Atomic force microscopy
Atomic fore microscopy was performed with a NanoWizard II AFM (JPK Instruments/Bruker). An AuNP monolayer was assembled on a 24 mm round glass coverslip as described above and immersed in ultrapure water. The height profile of the sample was measured in solution in intermitted contact mode using a silicon tip from nanosensors with a resonance frequency of 204–497 kHz and a force constant of 10–130 N/m.
Results and discussion
Formation of self-assembled AuNP monolayer on glass
PLL-PEG derivatives offer versatile means for functionalization of glass substrates [24, 32, 33]. They spontaneously adhere to glass-type surfaces at neutral pH by multivalent electrostatic interactions of positively charged PLL amine groups with the negatively charged silanol groups. PLL-PEG-coated glass substrates exhibit high stability at physiological pH and are therefore well compatible with biological applications including cell culture conditions [34, 35]. Here, we synthesized poly-L-lysine graft poly(ethylene glycol) terminated with ortho-pyridyl disulfide (PLL-PEG-OPSS) (Fig. 1a) to generate a biocompatible, protein-repellent surface coating for self-assembly of AuNP monolayers (Fig. 1b). By controlling the ratio of PEGs graft to the lysine moieties of PLL, 30% of the ε-amine moieties in poly-L-lysine are conjugated with PEG-OPSS and the remaining are left unmodified for electrostatic interaction. Such PEG-to-lysine ratio yields high biocompatibility while maintaining sufficient amine density to warrant stable adsorption onto glass substrates [36,37,38].
Coating of glass-type surfaces with PLL-PEG-OPSS and subsequent assembly of AuNP was monitored by reflectance interference spectroscopy (RIfS) in a flow-through system. Rapid binding of PLL-PEG-OPSS with a saturation mass change of ~ 2 ng/mm2 was observed (Fig. 2a), which is in good agreement to the formation of a PLL-PEG brush as reported previously [2, 24]. Minor dissociation was observed upon washing with buffer, confirming formation of a stable PLL-PEG-OPSS monolayer on the silica surface of the RIfS transducer. Further on, a face-to-face sandwich method as described in the “Experimental section” was used for coating substrates with PLL-PEG-OPSS in order to minimize sample consumption. Binding of 40 nm AuNPs to PLL-PEG-OPSS-coated surfaces was likewise monitored in real time by RIfS. To accelerate the AuNP layer formation on PLL-PEG-OPSS-coated glass, the OPSS disulfide bond was reduced to thiol groups by incubation with tris(2-carboxyethyl)phosphine (TCEP) prior to the injection of AuNPs. Under these conditions, rapid binding of AuNP to the activated surface was detected upon injection of AuNP solution (Fig. 2b). The linear slope observed for the initial phase of the binding curve suggests diffusion-controlled AuNP binding to the PLL-PEG-SH-functionalized surface.

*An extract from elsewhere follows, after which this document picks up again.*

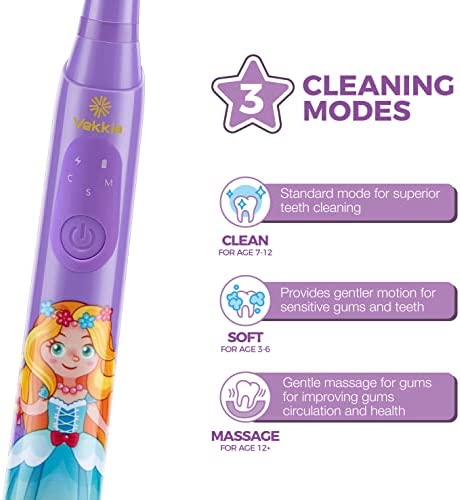 Vekkia Princess Kids Electric Toothbrush, 2 Minutes Timer for Age 3+, 4 Brush Heads, (Rechargeable)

Self-assembly of 40 nm AuNP monolayers on PLL-PEG-OPSS-coated surfaces. a Formation of a stable PLL-PEG-OPSS polymer coating on a silica substrate monitored by reflectance interference spectroscopy (RIfS). b Real-time RIfS binding curve of 6-fold concentrated AuNPs to PLL-PEG-OPSS-coated silica substrate. c AFM image of the AuNP monolayer in buffer solution
Based on these results, self-assembled AuNP films on glass slides were prepared from AuNP solutions with 6- and 10-fold concentrations, respectively. Glass slides obtained from 6- and 10-fold concentrations (AuNPx6 and AuNPx10) yielded dark purple layers on the glass slides in line with formation of AuNP monolayers. They were used as LSPR chips to survey optimized conditions in the following LSPR spectroscopy detections. Atomic force microscopy (AFM) images of an AuNP monolayer prepared from a AuNPx6 solution confirmed dense packing with AuNPs contacting each other (Fig. 2c). Absence of nanoparticle aggregations and multilayer stacks confirmed the formation of a self-assembled AuNP monolayer.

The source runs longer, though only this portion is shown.